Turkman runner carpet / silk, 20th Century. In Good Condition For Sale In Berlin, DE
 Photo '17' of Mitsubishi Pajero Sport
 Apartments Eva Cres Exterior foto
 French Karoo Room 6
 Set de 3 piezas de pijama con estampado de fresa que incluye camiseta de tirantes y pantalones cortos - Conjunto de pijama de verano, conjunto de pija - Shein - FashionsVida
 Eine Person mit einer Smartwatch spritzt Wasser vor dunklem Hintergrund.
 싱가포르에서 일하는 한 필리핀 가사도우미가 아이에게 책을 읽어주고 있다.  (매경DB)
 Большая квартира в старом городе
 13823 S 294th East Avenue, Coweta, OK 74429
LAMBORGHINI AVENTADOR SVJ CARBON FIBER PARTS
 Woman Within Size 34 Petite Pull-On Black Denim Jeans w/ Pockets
::::
INSTRUCTIONS TO FOLLOW
Return the entries exactly through the "Set de 3 piezas" line.

THE COMPLETED TASK
Turkman runner carpet / silk, 20th Century. In Good Condition For Sale In Berlin, DE
 Photo '17' of Mitsubishi Pajero Sport
 Apartments Eva Cres Exterior foto
 French Karoo Room 6
 Set de 3 piezas de pijama con estampado de fresa que incluye camiseta de tirantes y pantalones cortos - Conjunto de pijama de verano, conjunto de pija - Shein - FashionsVida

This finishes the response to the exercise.